As the political influence of the second duke of Argyll and his brother Archibald Campbell, earl of Ilay, increased after the union, so they attracted more adherents as their influence at court in London and with the English ministry appeared to increase. This was not always uniformly achieved between 1710 and about 1720, and at times their opponents were able to portray them as motivated only by ambition for power and office, devoid of any principle but their own glory. Indeed Ilay himself wrote to his brother-in-law James Stuart, second earl of Bute, in 1716 in terms that give the impression that there was some truth to what opponents claimed:
We always judge for ourselves without any prejudice of any side farther than honour and interest joined oblige us … Thus Politics is a continuall petty war and game, and as at all other games, we will sometimes win and sometimes loose, and he that plays best and has the best stock has the best chance … It is enough that we can maintain an interest with some of both sides without giving up anything we must and ought to maintain, and if I can save myself or my friends by being thought a Mahometan by a Turk, I'll never decline it. (Ferguson, 137–8)
The second duke of Argyll was judged by the new king, George I, to have been insufficiently zealous in pursuing the Jacobite rebels in Scotland after Argyll had, against the odds, prevented them from taking Scotland for the Stuarts in 1715. His pursuit of the rebels after reinforcements reached him in 1716 led to accusations that he was sympathetic to their cause. In fact Argyll was reluctant to root out Jacobites as traitors after they were defeated, aware as he was of the strength of continuing Jacobite support in Scotland after the union. After the revolt had begun in 1715 Argyll had written to the ministry in London that ‘beyond the Forth, the rebels have a hundred to one at least in their Interest’ (B. Lenman, The Jacobite Risings in Britain, 1980, 134).
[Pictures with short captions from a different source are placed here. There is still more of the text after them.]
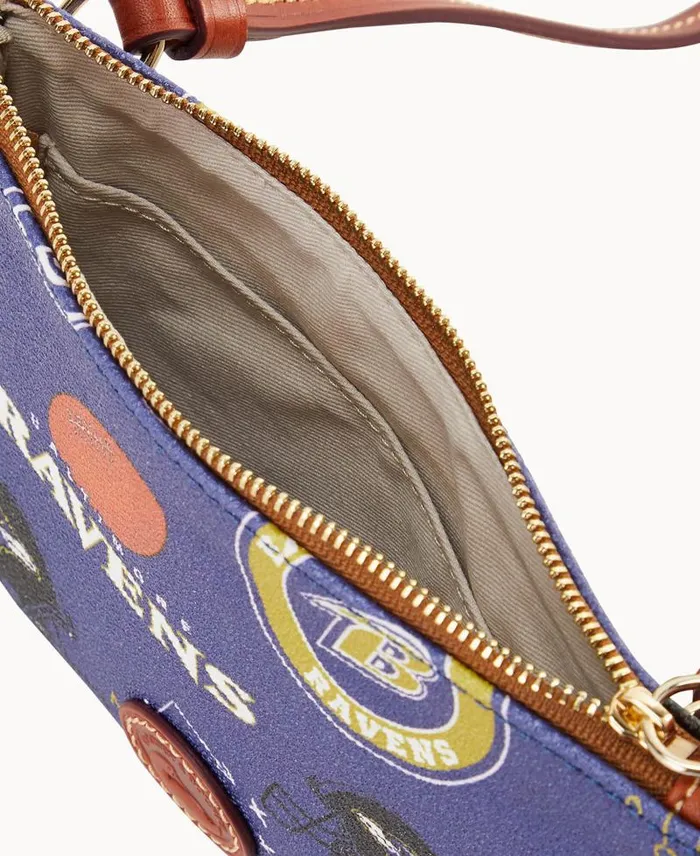 WomenMen Crossbodies Dooney and Bourke NFL Ravens Top Zip Crossbody Ravens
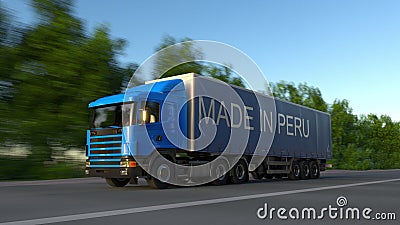 Speeding freight semi truck with MADE IN PERU caption on the trailer. Road cargo transportation. 3D rendering Stock Photo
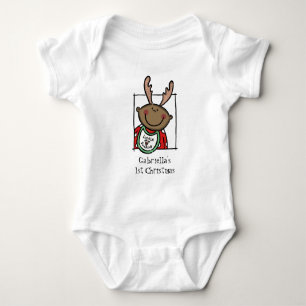 Body Premier Noël du bébé en teint foncé personnalisé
From 1715 to 1725 Scottish politics was characterized by rivalry between the Argathelians and the squadrone, both in the whig interest. The squadrone was associated with the idea of integrating Scotland more completely with England in order to secure the protestant succession in Scotland. The problem for the squadrone arose from its identification with the Scottish convention of 1689 that voted to declare the Scottish throne vacant and offer it to William of Orange. Ironically, while the Argyll inheritance from the seventeenth century was one of identification with the Scottish presbyterian covenants, by the 1720s the Argathelians became associated increasingly with creeping Erastianism in the Church of Scotland, working with clergymen such as Neil Campbell, principal of the University of Glasgow, and Patrick Cuming at the University of Edinburgh. One reason the duke of Argyll and his brother were able to pursue this policy of insisting on establishing the subordination of the church to the state was that Scottish Presbyterians found it difficult to associate the Argyll interest with anything but the covenanting legacy of the seventeenth century and the end of the Stuart regime in Scotland in 1689.
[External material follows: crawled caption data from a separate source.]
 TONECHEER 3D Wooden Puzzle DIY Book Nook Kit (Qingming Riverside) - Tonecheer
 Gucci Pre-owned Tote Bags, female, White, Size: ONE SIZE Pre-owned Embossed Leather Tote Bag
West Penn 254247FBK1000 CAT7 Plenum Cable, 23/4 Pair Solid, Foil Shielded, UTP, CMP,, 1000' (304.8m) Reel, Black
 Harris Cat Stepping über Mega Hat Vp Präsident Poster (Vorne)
The elephant in the corner in Scottish politics was the Jacobite party, which could not openly pursue its political aims in Hanoverian Scotland but possibly drew as much support from among the political élite in the country as its whig opponents. While the whig interest was divided on the issue of integration with England, the north remained sympathetic to the idea of Jacobitism as part of Scottish national identity, as the Stuart dynasty represented the unbroken history of political independence maintained without interruption up to the time of Cromwellian conquest. From an English and squadrone perspective the Argathelians were too willing to draw on Jacobite support to ensure their political supremacy in Scotland. As late as 1761, after the death of Ilay (by then third duke of Argyll), Lord Chancellor Hardwicke wrote to the duke of Newcastle of his ‘apprehension … to keep down the Highland Influence, which has always been either Jacobite in itself, or has supported the Jacobites in order to avail itself of their strength’ (Murdoch, People Above, 99).
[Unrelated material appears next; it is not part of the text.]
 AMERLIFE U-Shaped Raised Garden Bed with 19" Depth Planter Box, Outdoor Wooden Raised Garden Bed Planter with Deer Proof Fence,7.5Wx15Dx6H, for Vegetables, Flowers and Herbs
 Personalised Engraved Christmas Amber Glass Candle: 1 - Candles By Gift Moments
How far this was the case is open to debate. Undoubtedly the Argathelians attempted to win over Jacobite sympathizers to accommodation to the Hanoverian regime as consolidated by Sir Robert Walpole. The best illustration of this was the efforts by Argyll's supporter Duncan Forbes to ‘bring in’ the notorious Jacobite supporter Simon Fraser, eleventh Lord Lovat, whose actions and eventual execution after the last Jacobite rebellion did not serve to allay the suspicions of Argathelian opponents. The sons of Harry Maule of Panmure, another prominent Jacobite, including William Maule, earl of Panmure of Forth, also benefited from Argathelian patronage. On the other hand the earl of Ilay became the great patron of the nephew of the ‘father’ of the squadrone whigs, Andrew Fletcher of Saltoun, whose nephew, also Andrew Fletcher, was raised early to the bench of the Scottish court of session as Lord Milton and for the next forty years acted as the Argathelians' principal agent in Scotland, emerging as completely dominant after the death of Duncan Forbes in 1747. James Erskine, also known by his judicial title of Lord Grange, a supporter of Ilay until 1733, wrote to the squadrone marquess of Tweeddale in 1734 that Milton had acted on a political issue ‘en Qualité, I suppose, de sous-Ministre d'Ecoss’ (2 Sept 1734, Yester papers, NL Scot., MS 7044, fol. 101).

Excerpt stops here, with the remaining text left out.